--- START ---
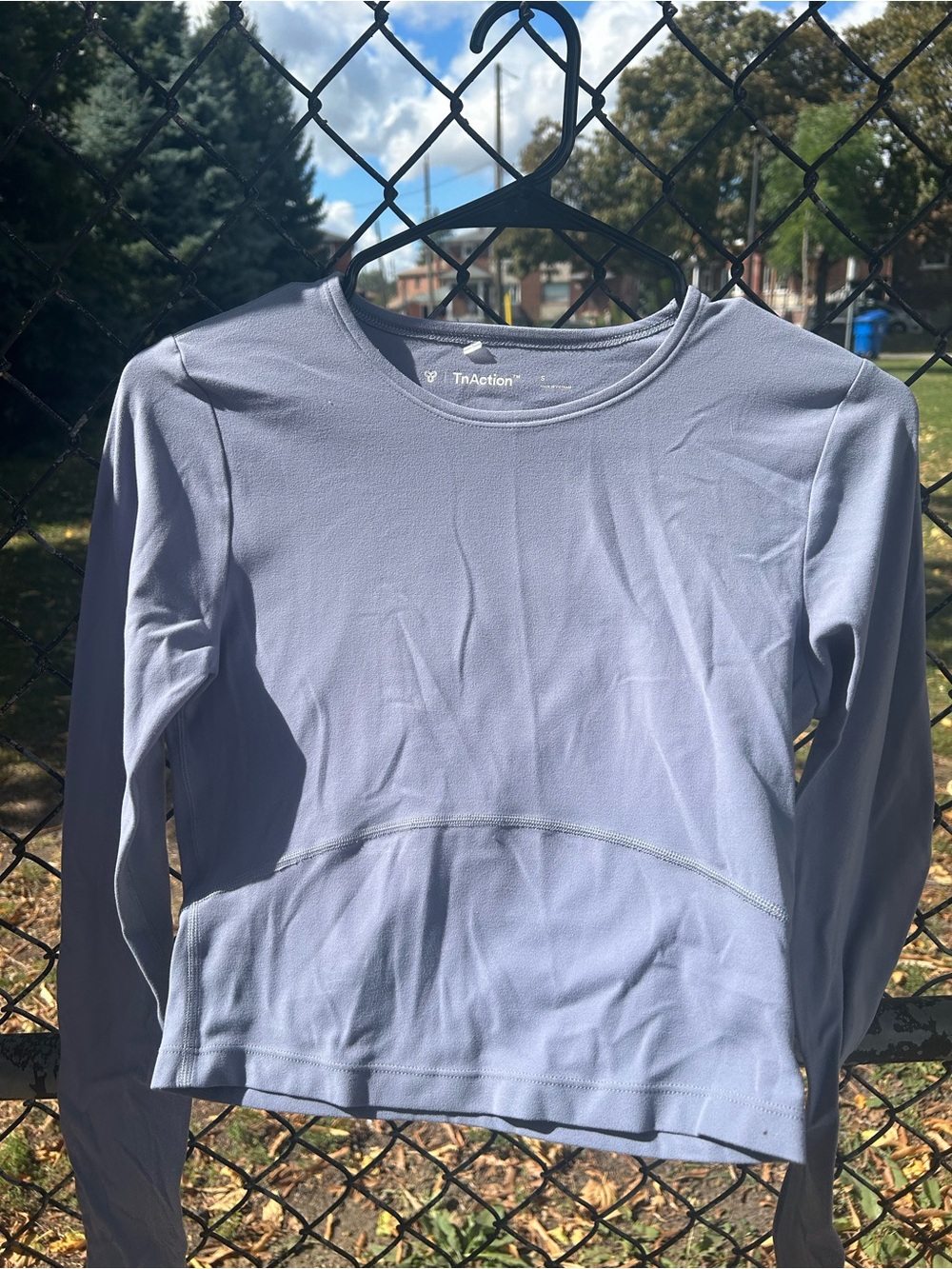 TnAction Cozy Fleece / Active Long Sleeve Crop Top - Gray/Blue - Size Small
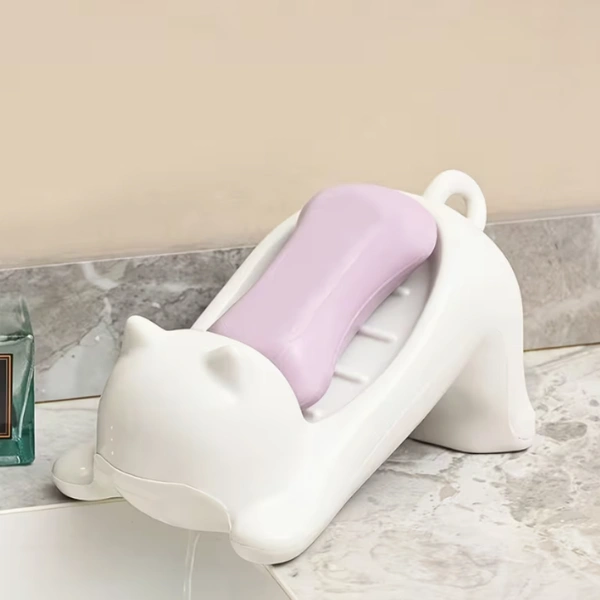 Dog Shaped Soap Dish Tray – Cute Bathroom Soap Holder with Drainage | Durable Plastic Soap Stand for Bathroom & Kitchen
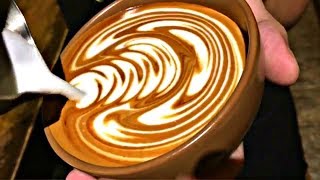 Barista Latte Art Training Compilation Very Satisfying  Coffee Shop Background Noise [upl. by Skippie247]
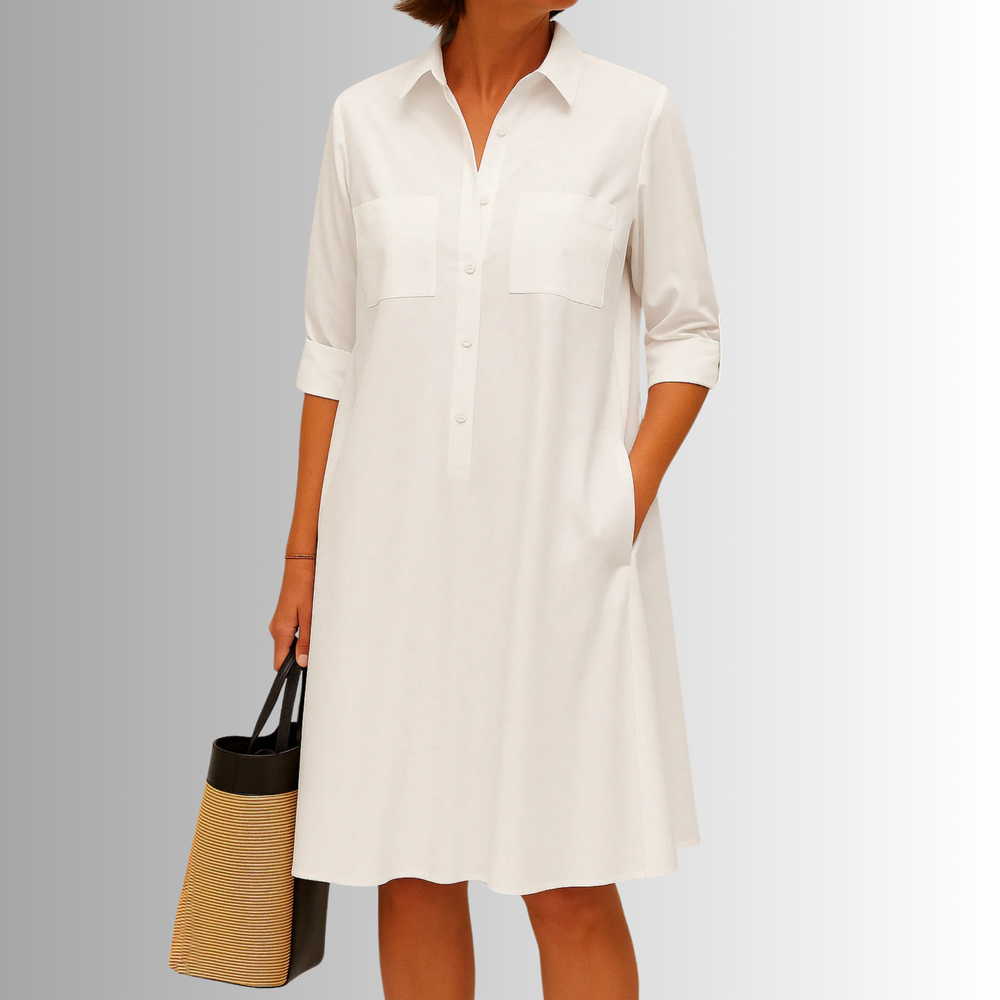 Jacqueline | Women's Summer Button Front Shirt Mini Dress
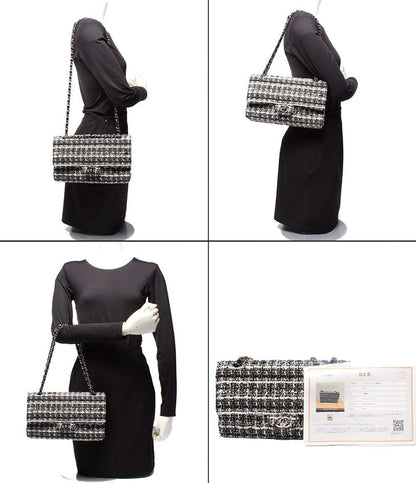 シャネル ショルダーバッグ ハンドバッグ 肩掛け ツイード ダブルチェーン ダブルフラップ シルバー金具 マトラッセ25 レディース CHANEL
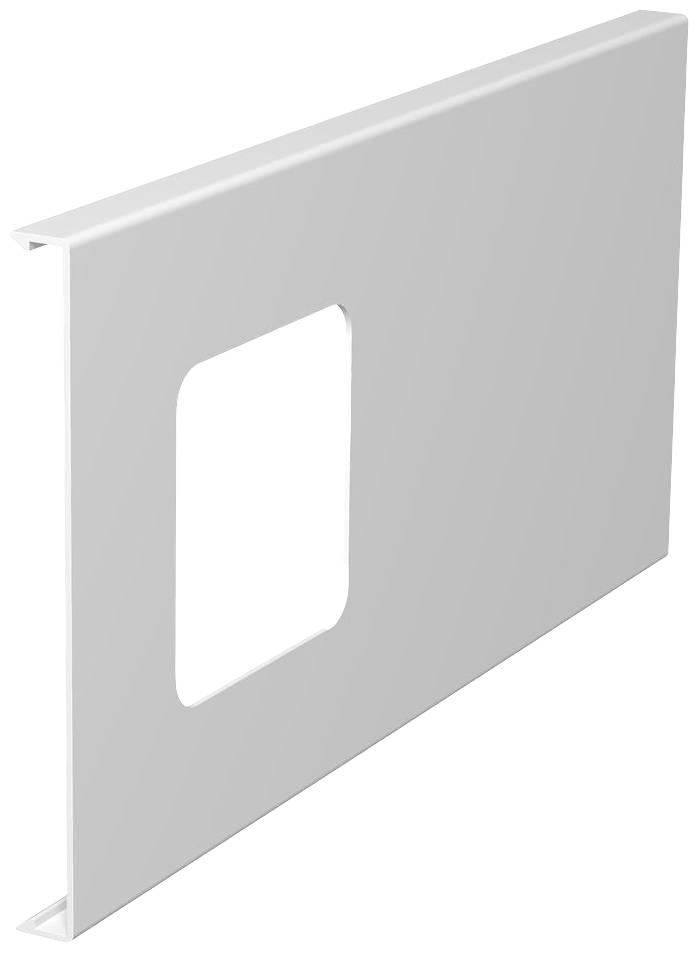 Plaque rectangulaire blanche en plastique avec une découpe rectangulaire au centre.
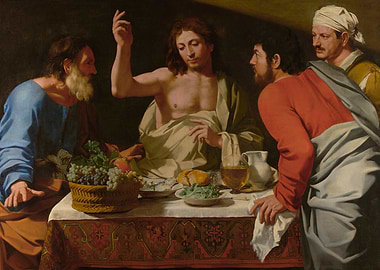 Bartolomeo Cavarozzi – The Supper at Emmaus (ca. 1615–1620) | Italian Baroque Religious Masterpiece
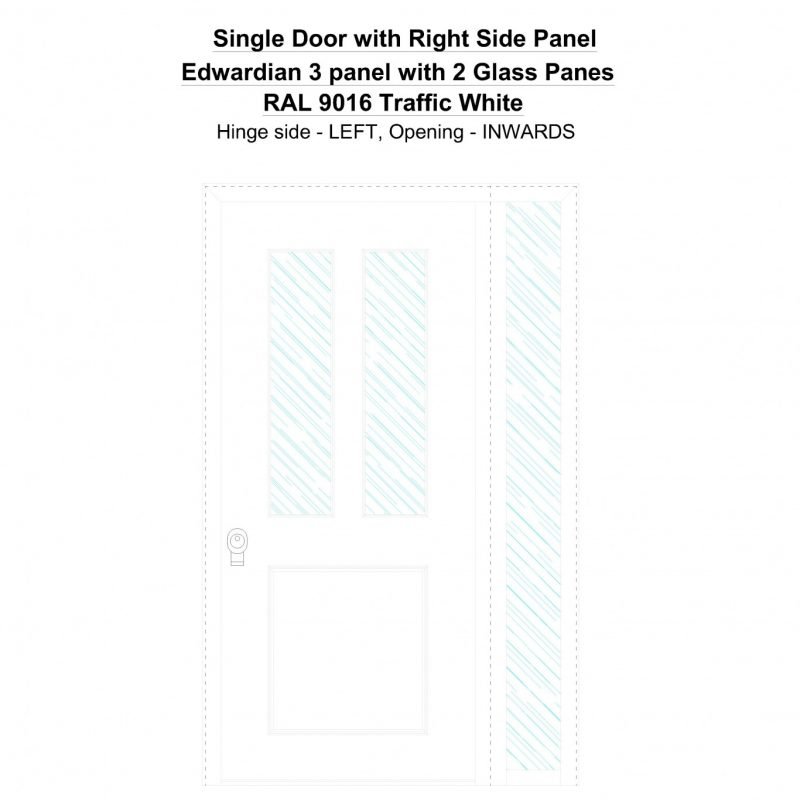 Sd1sp(right) Edwardian 3 Panel With 2 Glass Panes Ral 9016 Traffic White Security Door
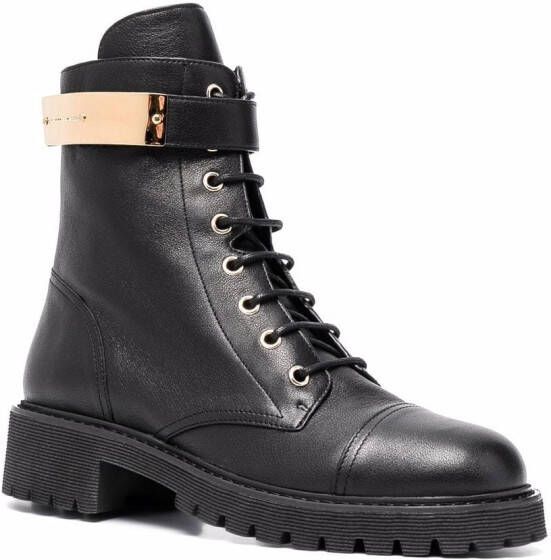 Giuseppe Zanotti lace-up leather combat boots Black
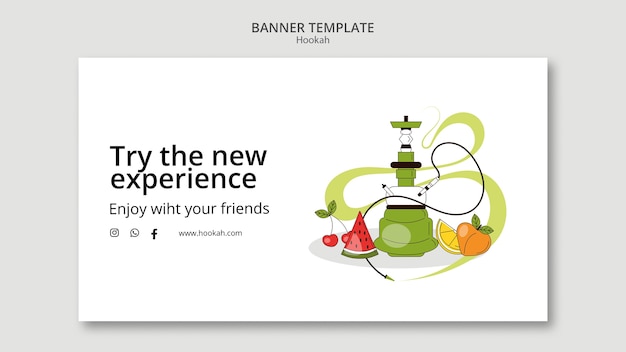 Gratis PSD horisontal bannermal for hookah-smaker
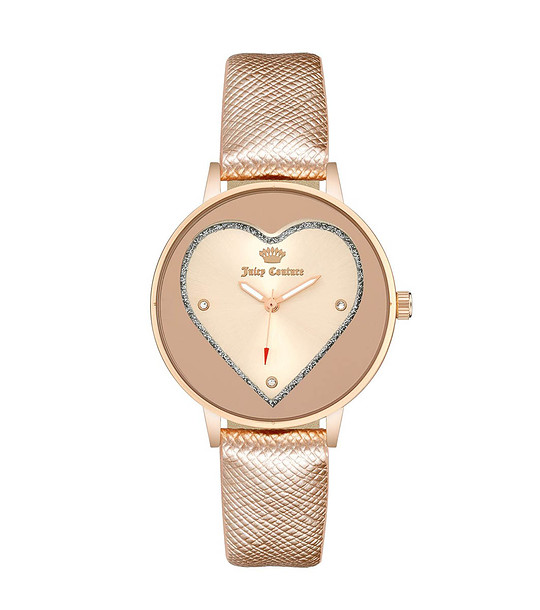 Розовозлатист дамски часовник със сърце снимка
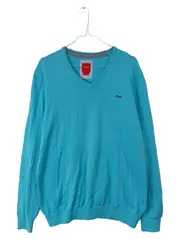 Vorschaubild 1 von Herren Pullover Langarm Uni Türkis Gr. M Baumwolle Freizeit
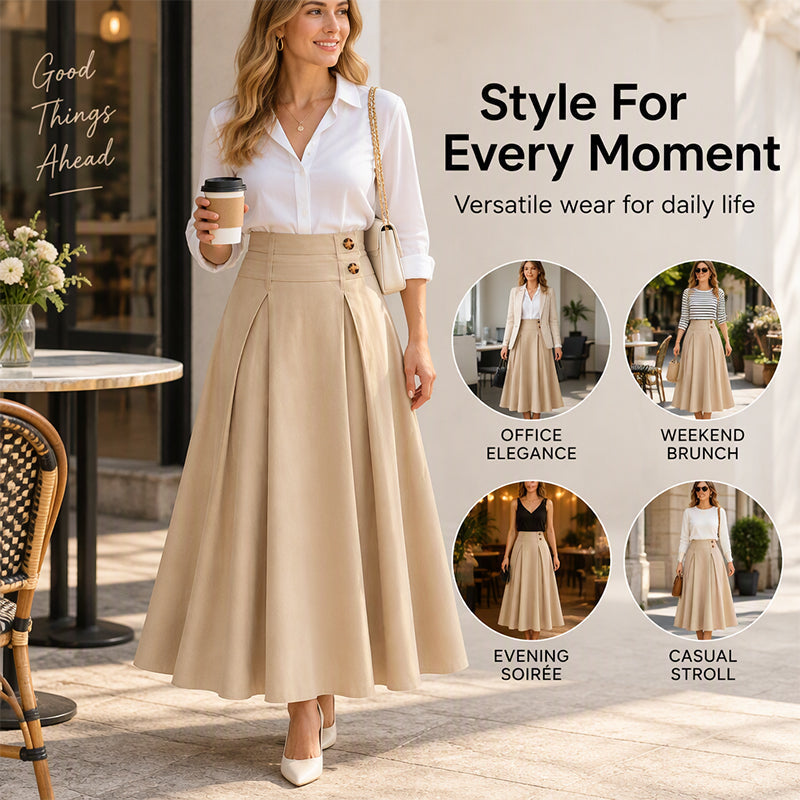 👗 Flattering Fit, All-Day Comfort | Women's High-Waisted Pleated A-Line Maxi Skirt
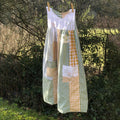 Women's Retro Plaid Pattern Floral Patch Art Sleeveless Linen Dress elevenforest
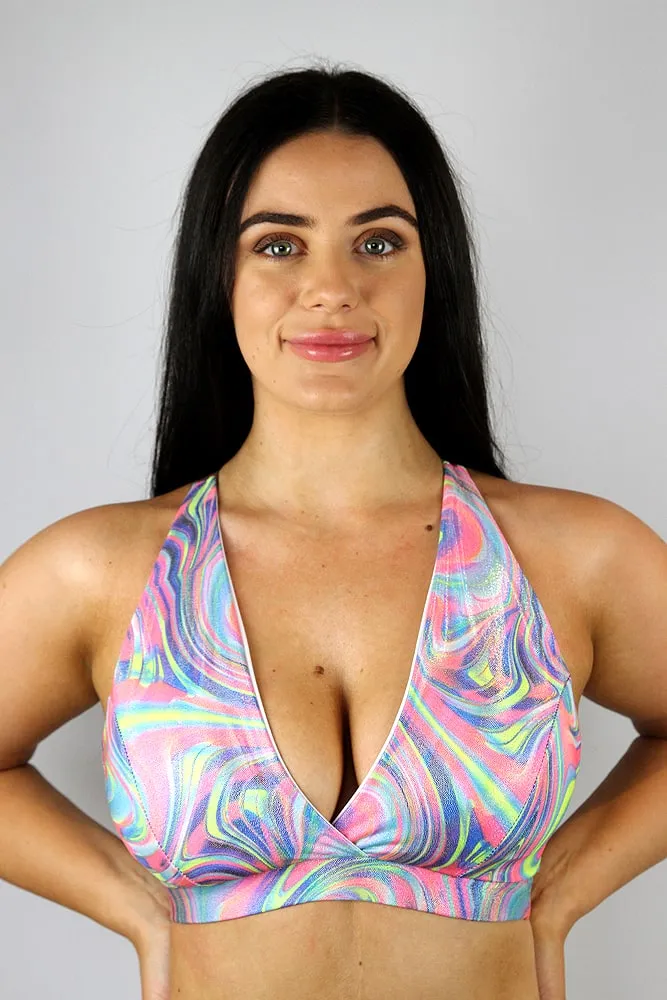 Rarr Push Up Plunge Sports Bra - Black Sparkle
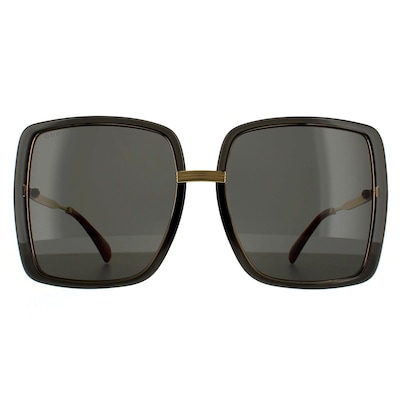 Gucci Square Grey Crystal and Gold Grey Sunglasses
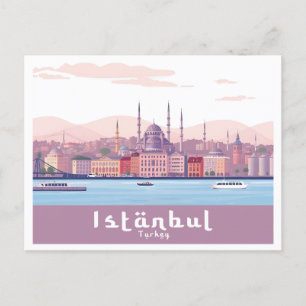 Istanbul Turkey Pastel Travel Design Postcard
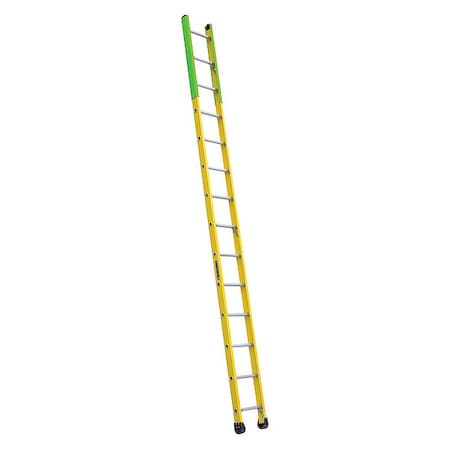 Louisville 14 ft Overall H, Manhole Ladder, Fiberglass, Yellow Finish, 375 lb Load Capacity FE8914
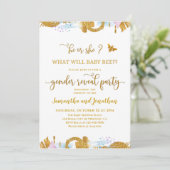 Was wird das Thema Gender Reveal sein? Einladung (Stehend Vorderseite)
--- END ---
PROBLEM TO WORK ON — In the records above, copy exactly everything from the line that has "Plaque rectangulaire blanche" down to the line that has "Розовозлатист дамски часовник", both ends included, and leave out the pictures.

RESULT FOR THIS TASK —
 Plaque rectangulaire blanche en plastique avec une découpe rectangulaire au centre.
 Bartolomeo Cavarozzi – The Supper at Emmaus (ca. 1615–1620) | Italian Baroque Religious Masterpiece
 Sd1sp(right) Edwardian 3 Panel With 2 Glass Panes Ral 9016 Traffic White Security Door
 Giuseppe Zanotti lace-up leather combat boots Black
 Gratis PSD horisontal bannermal for hookah-smaker
 Розовозлатист дамски часовник със сърце снимка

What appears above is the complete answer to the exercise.